From the material below, set down exactly the lines that run from the one containing "2025赣州马拉松赛事期间公交线路调整公告（8）" to the one containing "第一部分　板块一　阶段一　中", minus the pictures.

○ ○ ○ ○

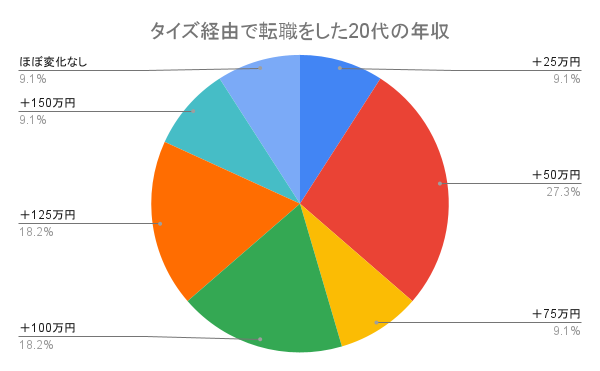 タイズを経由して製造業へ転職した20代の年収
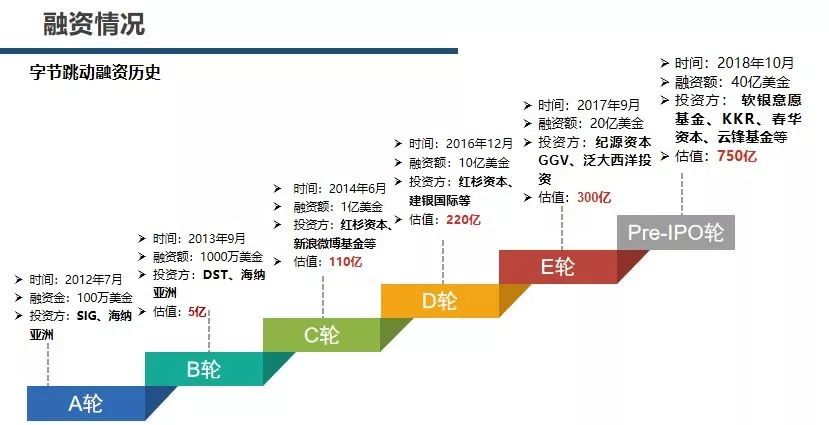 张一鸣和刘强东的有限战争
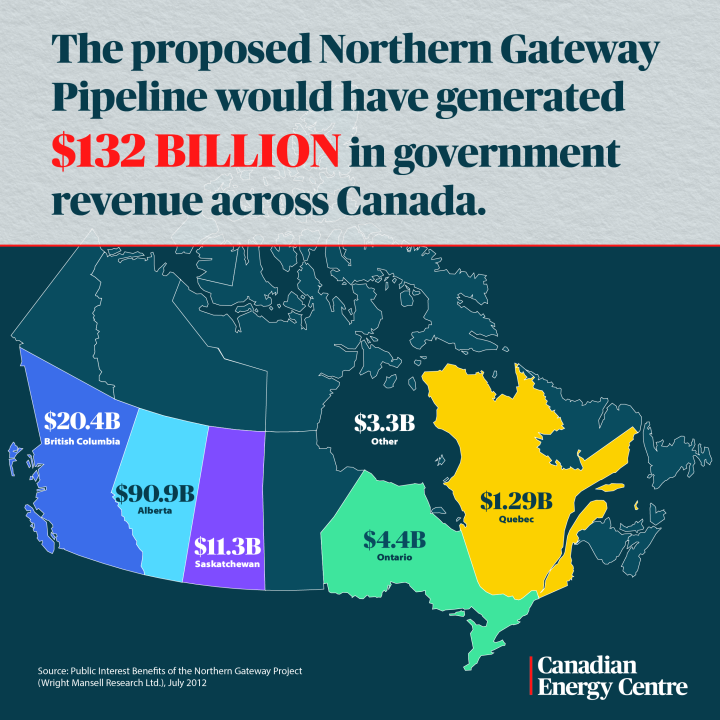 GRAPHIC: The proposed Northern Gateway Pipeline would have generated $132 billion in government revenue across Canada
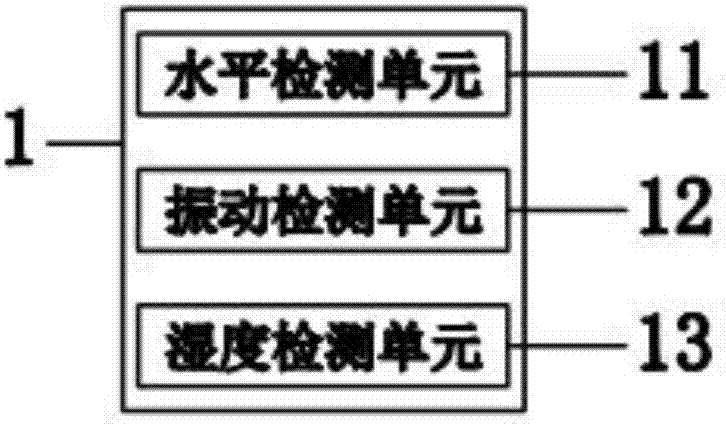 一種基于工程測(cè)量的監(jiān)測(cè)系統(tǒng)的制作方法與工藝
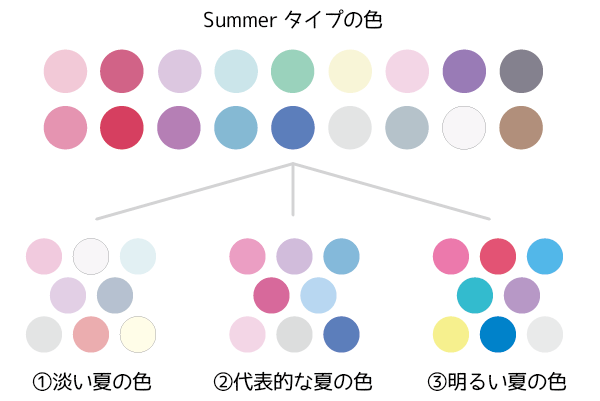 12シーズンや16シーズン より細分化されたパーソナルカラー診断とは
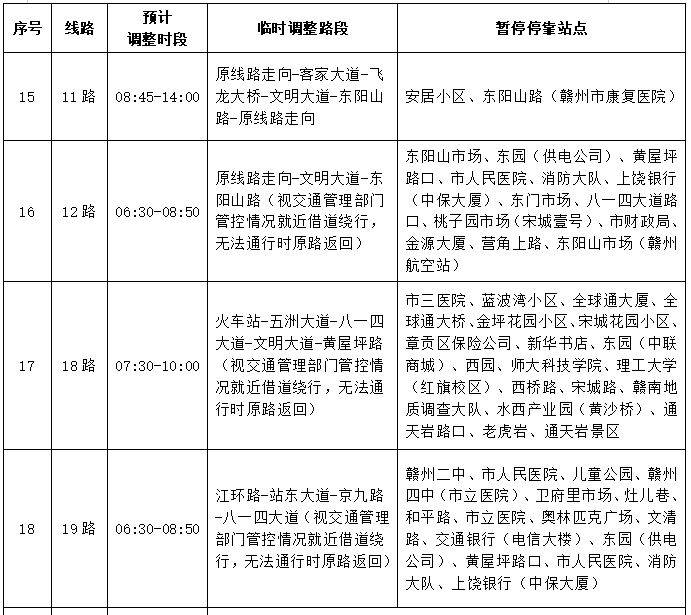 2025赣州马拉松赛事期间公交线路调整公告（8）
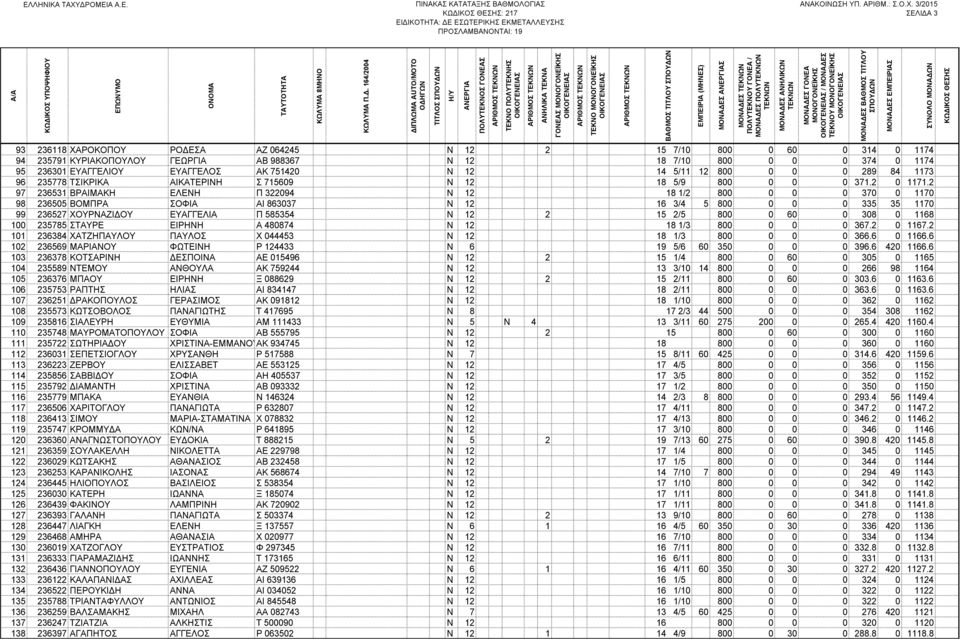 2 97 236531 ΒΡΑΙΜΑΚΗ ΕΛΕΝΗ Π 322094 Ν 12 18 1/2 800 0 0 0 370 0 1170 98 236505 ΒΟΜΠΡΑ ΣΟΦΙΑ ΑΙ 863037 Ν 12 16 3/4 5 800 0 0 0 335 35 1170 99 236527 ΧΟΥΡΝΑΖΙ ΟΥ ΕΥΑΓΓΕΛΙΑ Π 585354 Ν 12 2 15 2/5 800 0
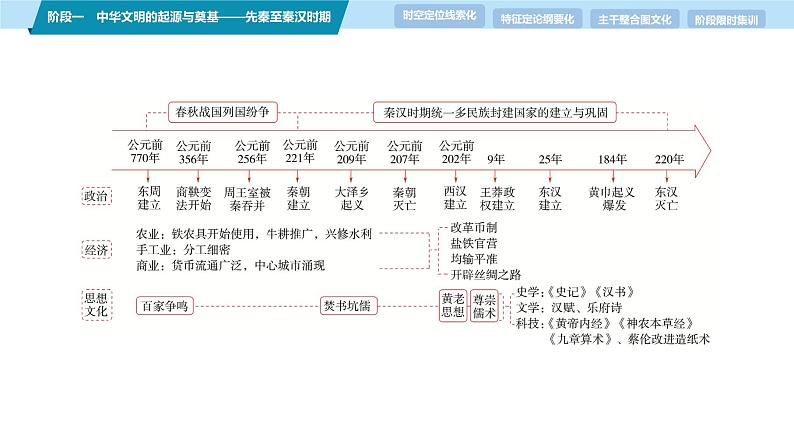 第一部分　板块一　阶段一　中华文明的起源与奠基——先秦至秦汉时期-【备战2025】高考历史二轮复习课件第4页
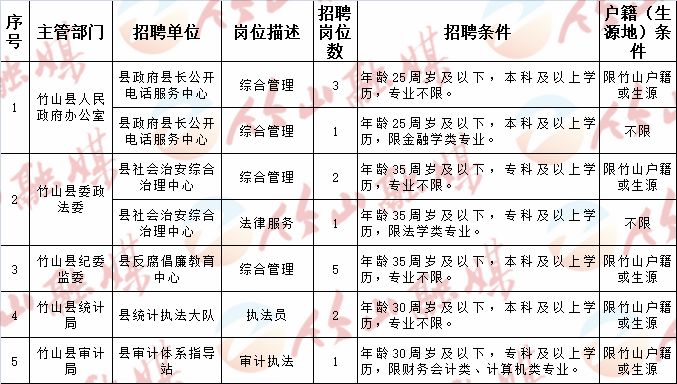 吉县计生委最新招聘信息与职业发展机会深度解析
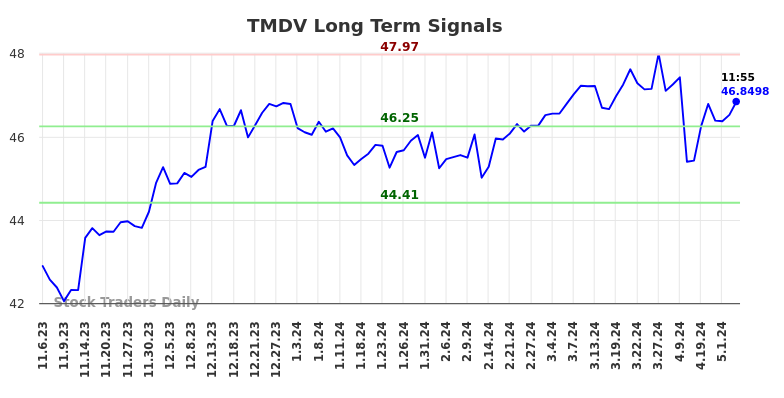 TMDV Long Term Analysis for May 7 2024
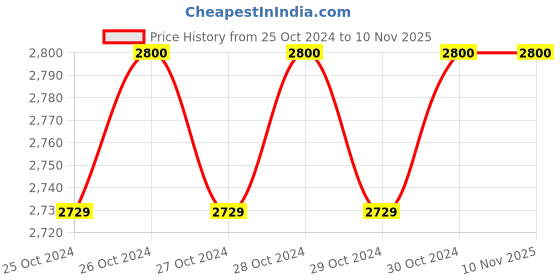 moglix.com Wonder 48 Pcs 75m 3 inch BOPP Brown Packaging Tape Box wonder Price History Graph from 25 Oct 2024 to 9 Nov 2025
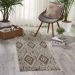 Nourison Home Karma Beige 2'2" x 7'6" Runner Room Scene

○ ○ ○ ○

▸ Exercise result
 2025赣州马拉松赛事期间公交线路调整公告（8）
 2 97 236531 ΒΡΑΙΜΑΚΗ ΕΛΕΝΗ Π 322094 Ν 12 18 1/2 800 0 0 0 370 0 1170 98 236505 ΒΟΜΠΡΑ ΣΟΦΙΑ ΑΙ 863037 Ν 12 16 3/4 5 800 0 0 0 335 35 1170 99 236527 ΧΟΥΡΝΑΖΙ ΟΥ ΕΥΑΓΓΕΛΙΑ Π 585354 Ν 12 2 15 2/5 800 0
 第一部分　板块一　阶段一　中华文明的起源与奠基——先秦至秦汉时期-【备战2025】高考历史二轮复习课件第4页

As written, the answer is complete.